Though more families are discussing their estate plans, a whopping 79 percent of parents are not disclosing the exact amounts that they are leaving to their children, according to a recent poll by Ameriprise Financial. This can easily result in misunderstandings and unrealistic expectations when the time comes to distribute assets. Telling your children the specifics of their inheritance can help them develop and adjust their own estate plans.
For parents with children who are minors, having this discussion is even more important. While some parents worry that sharing estate plan information may lead children to make poor financial decisions, experts say it will help young children mentally prepare for the possibility of a tragic event.
Many people expect to inherit far more than what they receive. One reason for this is taxes. Putting your assets in an irrevocable trust is one way to ensure the value of your estate is not subject to state and federate estate taxes upon your death.
However, if this isn't an option for you, ensure that your family members have a realistic idea of the amounts they'll receive after taxes.
Ensure your will covers all caveats
Individuals who die intestate (without a will) leave inheritance up to state law. With more and more cases of blended families and adults with multiple ex-spouses, divvying up inheritance by intestate law may not accurately reflect the wishes of a family member who has passed. Setting expectations for your family may mean getting around to having your will drafted.
Those who have a will should ensure that it is updated and clear every few years.

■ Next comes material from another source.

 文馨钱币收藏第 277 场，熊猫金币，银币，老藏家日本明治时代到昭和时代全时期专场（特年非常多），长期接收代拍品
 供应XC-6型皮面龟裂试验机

Choose a responsible executor
An Executor of a will manages the affairs of the person who has passed, including distributing the person's assets to beneficiaries. If you do not assign an executor, the court will appoint one. However, choosing a responsible executor with high integrity is a good way to help your family understand how your estate will be handled following your death.
If you aren't sure what expectations you have for setting your own estate plan, contact an attorney for advice. An estate planning attorney will be able to layout the important steps you should take to leave your family in good hands.